Our cable is in a different configuration as you noticed. I have not seen their cable, except in the web pic, but most connectors have a little tab the can be pushed in or gently lifted up and the wire assembly can then be gently pulled out and changed to a different slot. If that is not the case with their connectors, then we can sell you one of our cables at a reasonable cost and if we ship first class it won’t cost too much. We already had two boards designed with our configuration before I realized it was different from the Parallax cable or I would have changed ours to match theirs.



Thanks,



Carl Cowley


I'm guessing that the cable they sell will switch these two pins during the run. I was lucky enough to have an old servo cable I was able to rearrange the pins to make it work. Now the board triggers fine except it will repeat the message over and over as long as the PIR is active. The Cowlacious documentation says the message should only trigger once and then wait until the PIR is no longer active. I like that detail. Maybe I'm still doing something wrong.

DW


----------



## hpropman (Jul 27, 2008)

DW

I am sorry I forgot to mention that there is a jumper on the motion detector in the corner of the board. that says H & L

H - Retrigger - Output remains HIGH when sensor is retriggered repeatedly. Output is LOW when Idle (not triggered).

L - Normal -Output goes HIGH then LOW when triggered. Continuous motion results in repeated HIGH/LOW pulses. Ouput is low when Idle.
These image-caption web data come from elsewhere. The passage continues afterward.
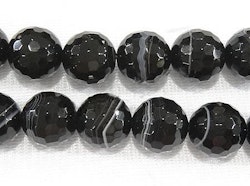 Facetterad madagaskar agat 4 mm, 1 sträng
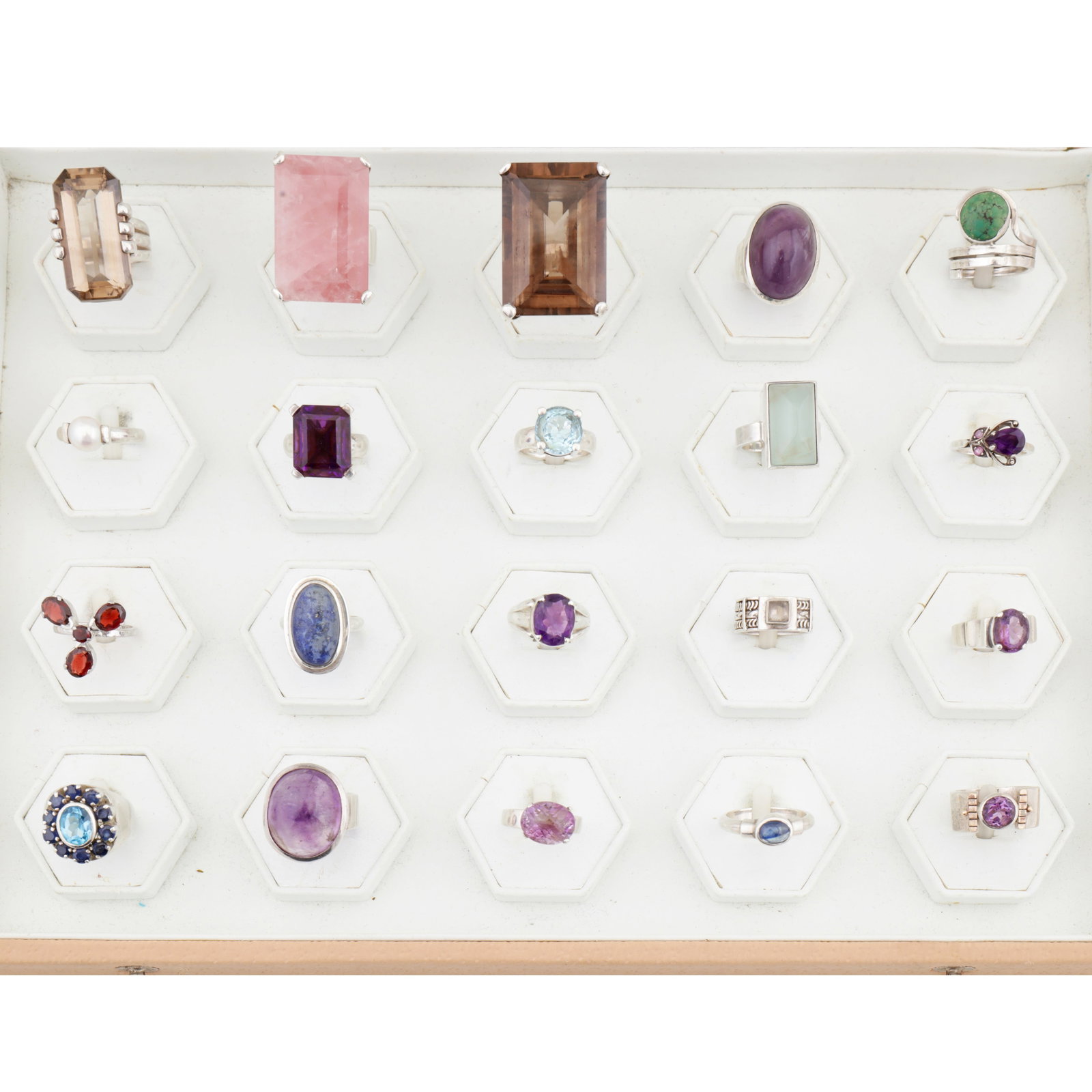 A boxed collection of gem set rings - 2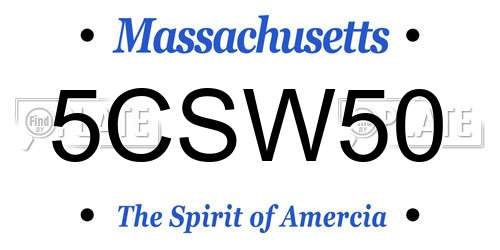 5CSW50 Massachusetts License Plate
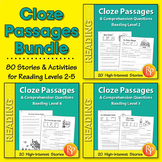Cloze Reading Passages & Comprehension Questions {Bundle} Reading Levels 2 - 5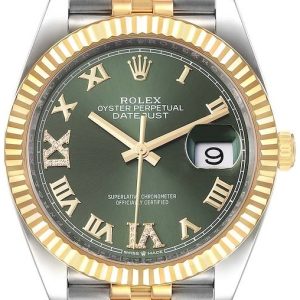 Rolex Herrklocka 126233-0025 Datejust 36 Grön/Stål Ø36 mm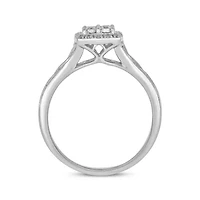 1/ ct. t.w. Diamond Miracle Plate Bridal Ring Sterling Silver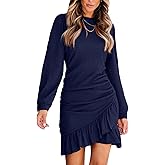 CUPSHE Women Knit Ruched Fall Dress Smocked Ruffle Hem Crew Neck Long Sleeve Bodycon Sexy Casual Holiday Mini Dress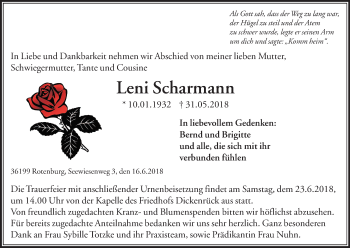 Traueranzeige von Leni Scharmann von etm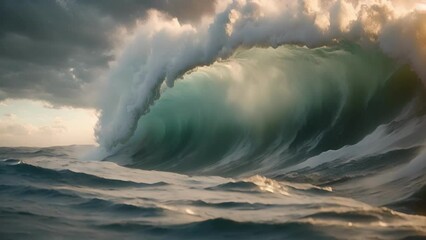 Poster - Waves crash against the shore under a tumultuous sky
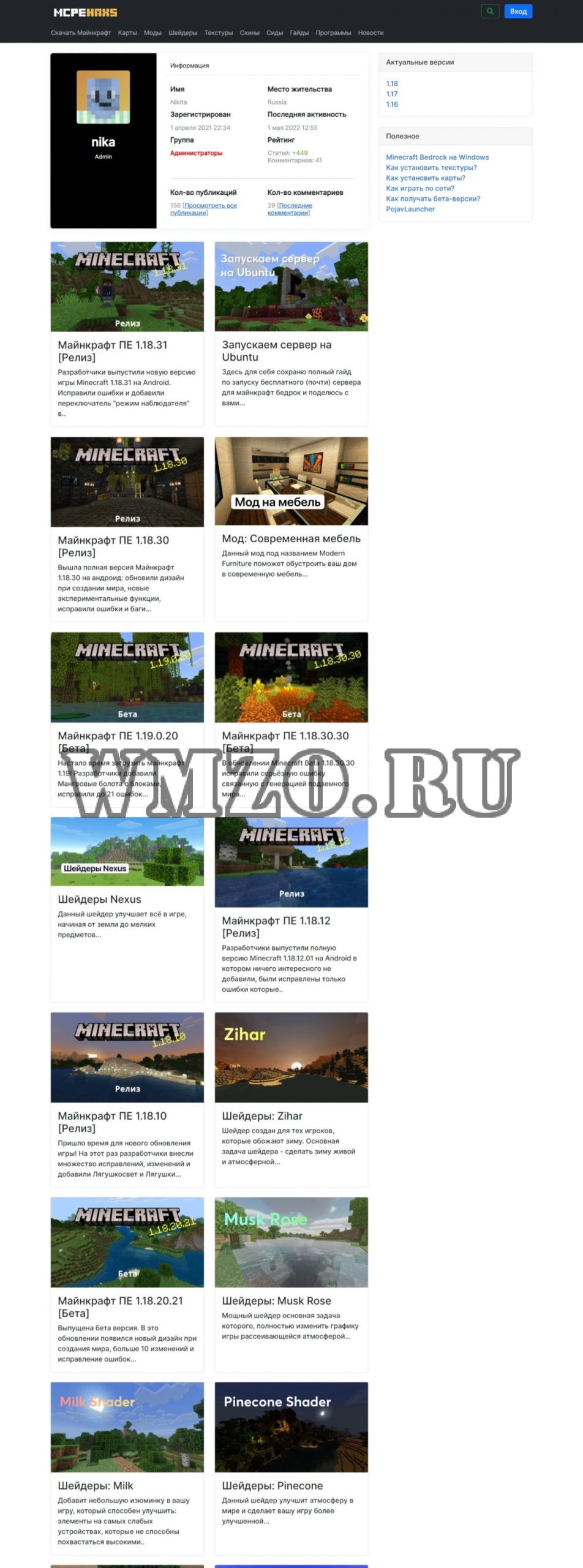 Игровой шаблон MCPEHaxs для DLE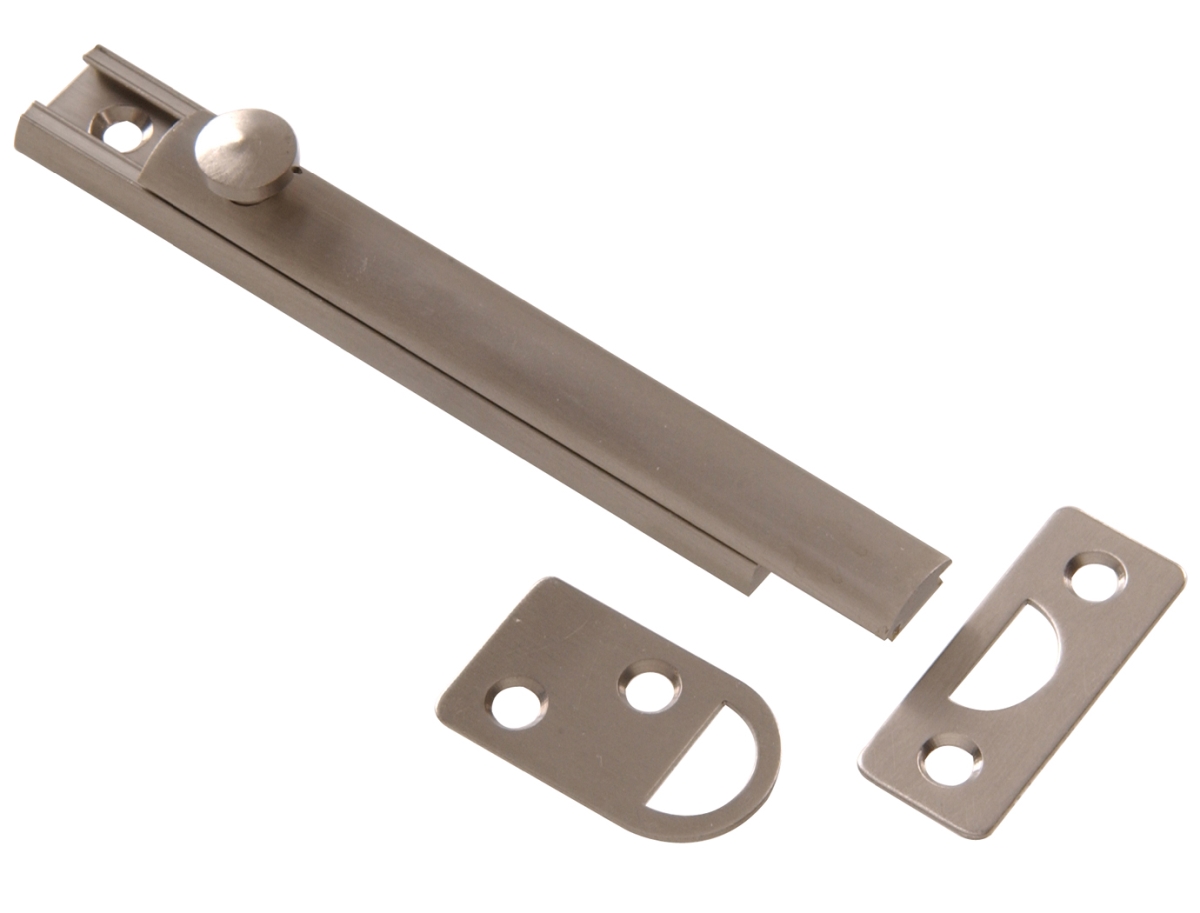 853122 Carded - Surface Bolt, Solid Brass & Satin Nickel - 4 in.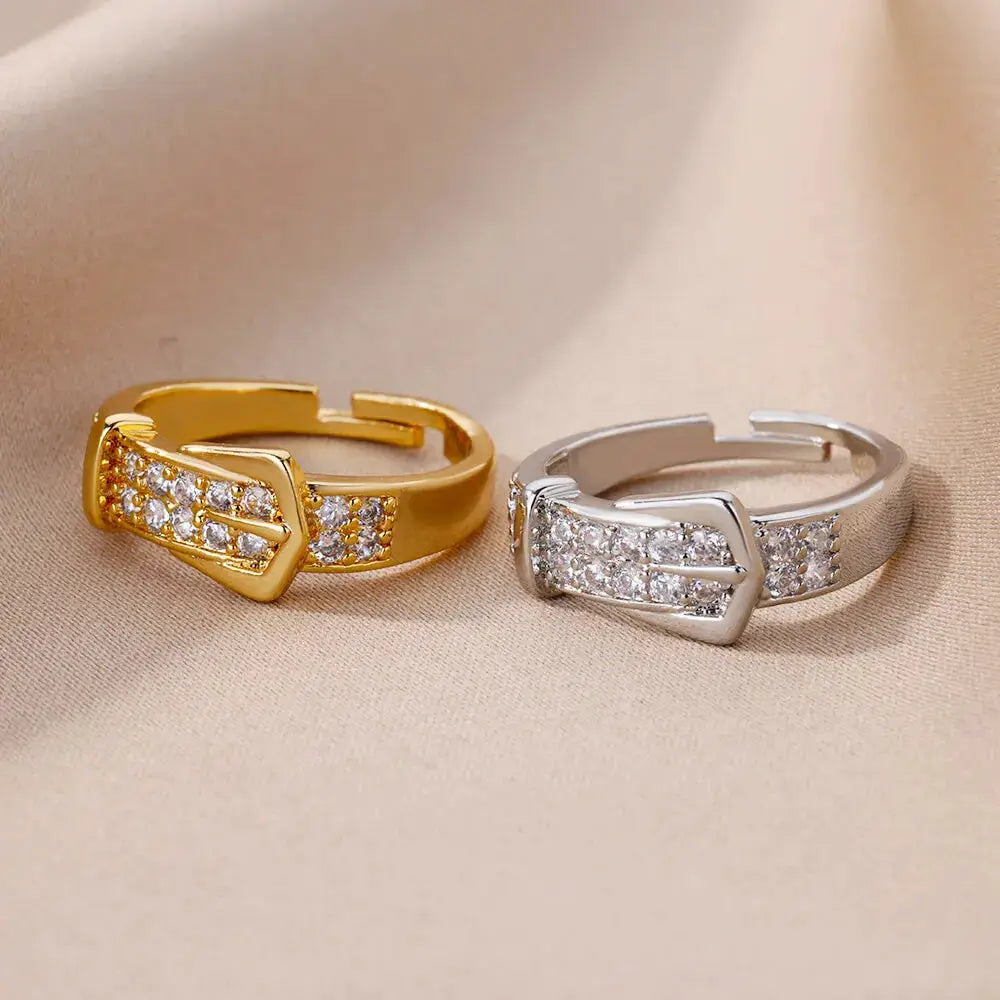 Stainless Steel Belt Ring For Women Zircon Adjustable Belt Finger Ring Geometric Wedding Aesthetic Jewelry Gift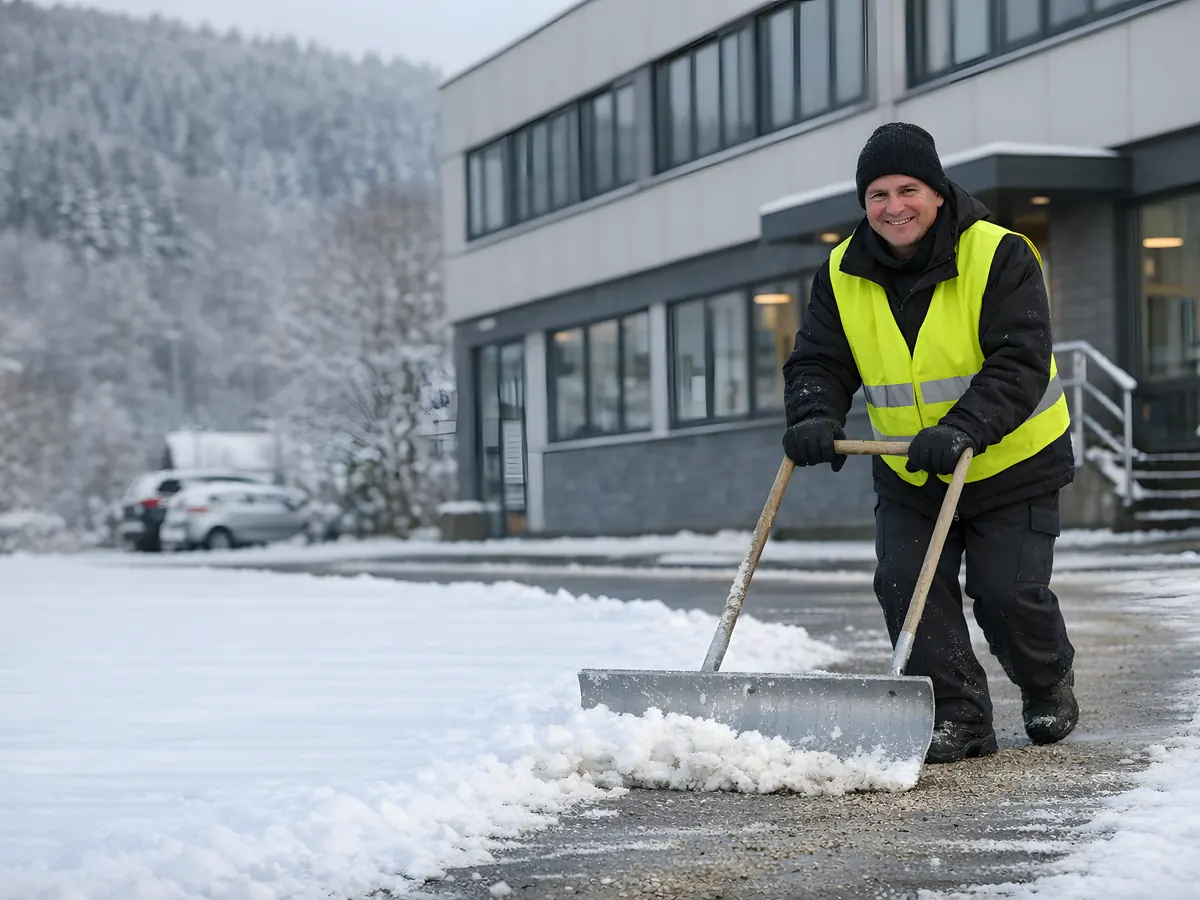 Symbolbild (KI-generiert): Mitarbeiter mit Schneeschieber räumt den Weg vor einem Bürogebäude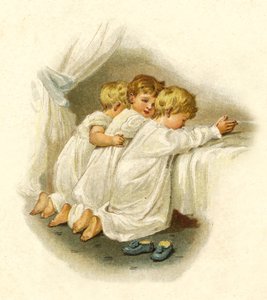 Illustrasjon for The Coming Of Father Christmas (farge litho) av English School
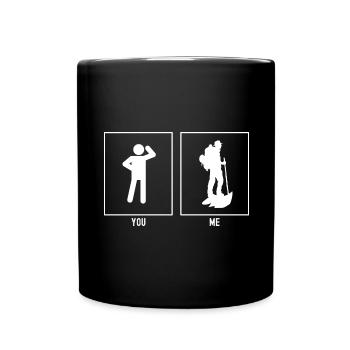 Du - Ich - Wandernder Mann Vektor - Tasse einfarbig - Schwarz - Vorne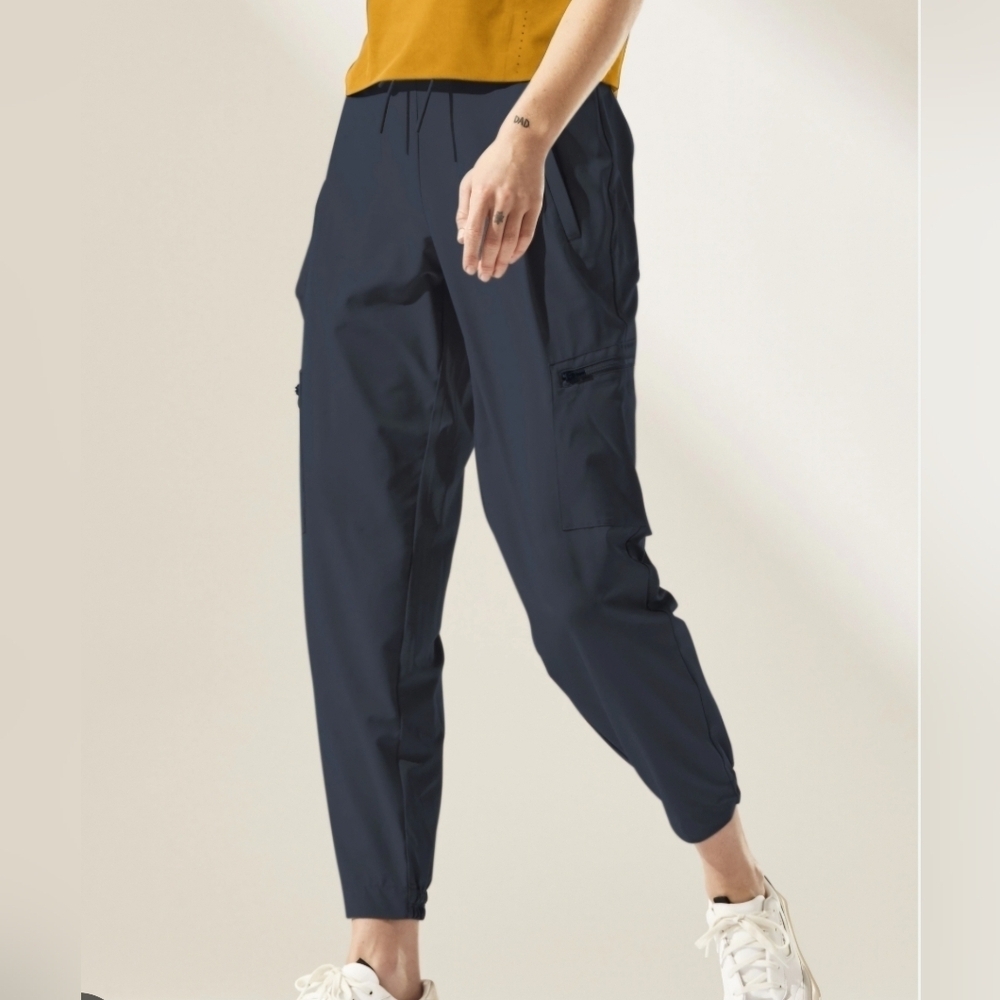 Athleta Venture Jogger Pants Deep Navy Blue Drawstring SZ 4 Cargo Pockets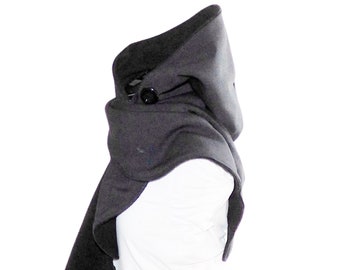 Hooded scarf (long) - dark grey/black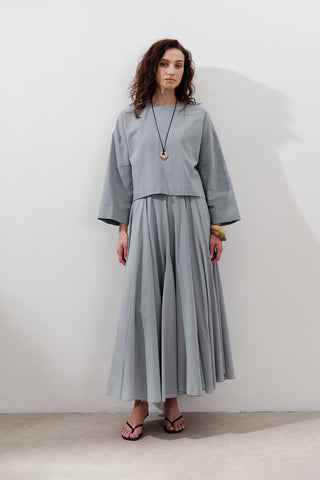 Pamuklu Kırpılmış Uzun Kollu Üst Toz Mavisi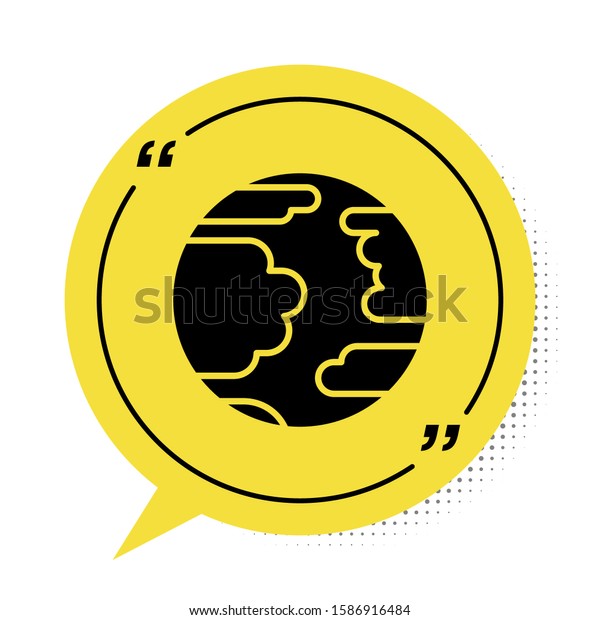 Black Planet Mercury\
icon isolated on white background. Yellow speech bubble symbol.\
Vector Illustration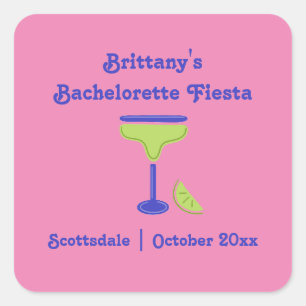 Pegatina Cuadrada Margarita Lime Bachelorette Fiesta Party Favor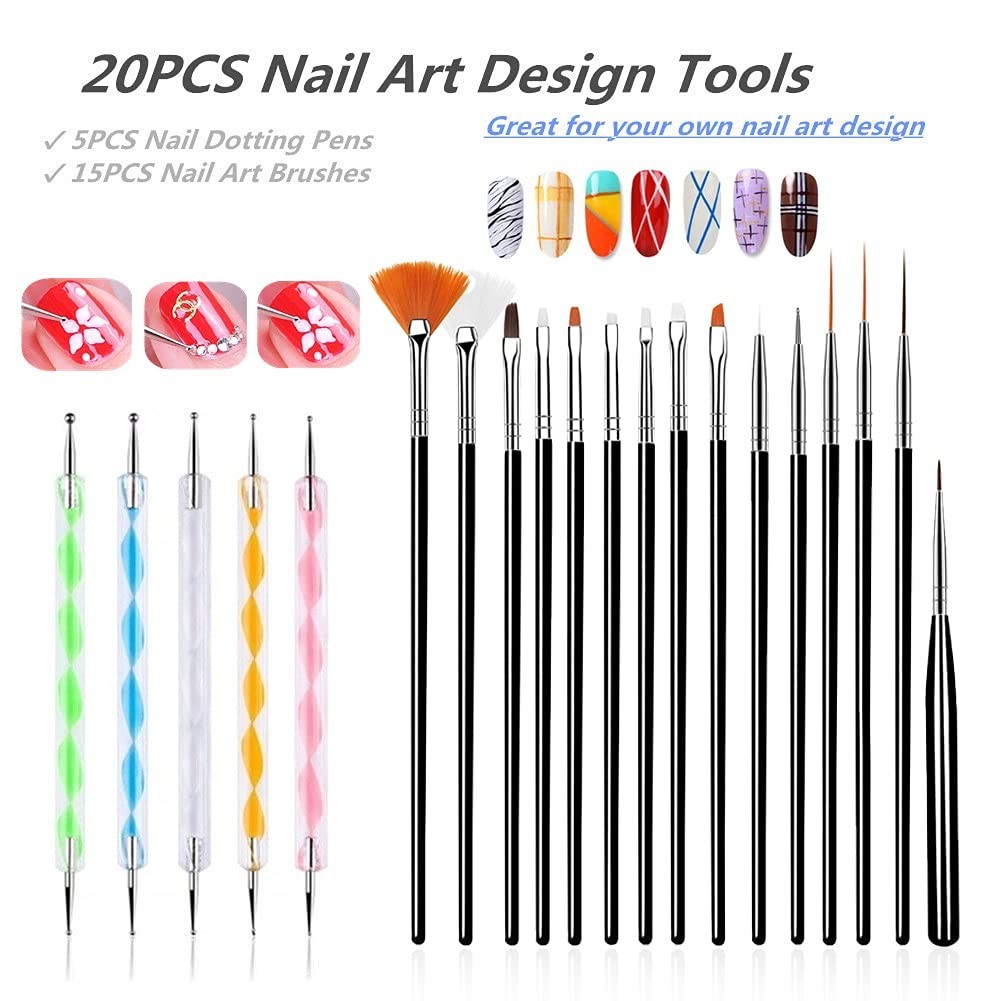 Professional 20PCS Nail Art Brush Set with Dotting Pens for Stunning Designs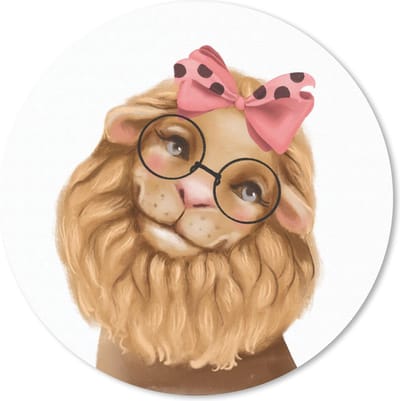 Muismat rond 20x20 cm - Mousepad Leeuw - Strik - Kinderen - Ronde muismatten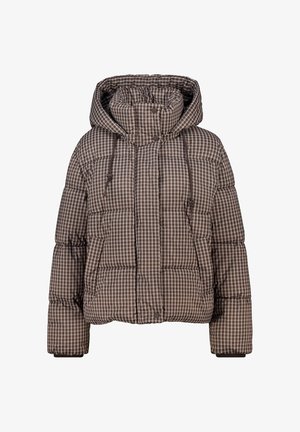 Chaqueta de plumas a cuadros marrón con capucha, que presenta una forma cuadrada, superficie texturizada y puños elásticos para un ajuste ceñido. Con cremallera delantera y botones.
I use the H setting on mine (retrigger). Try this and see if it is better for you. If it still retriggers then you can either use a microcontroller ( or a controller Prop1, etc) or a 555 time delay circuit between the sensor and the Cowlaciuos board. The time delay will ignore repeated trigger pulses for the time it is configured for. This sensor was designed to be connected to a microcontroller. look at this thread I just designed a circuit that does just that except it controls an MP3 player. If you want to modify it to control the cowlacious board it can be easily done. The link is here.

http://www.hauntforum.com/showthread.php?t=12014


----------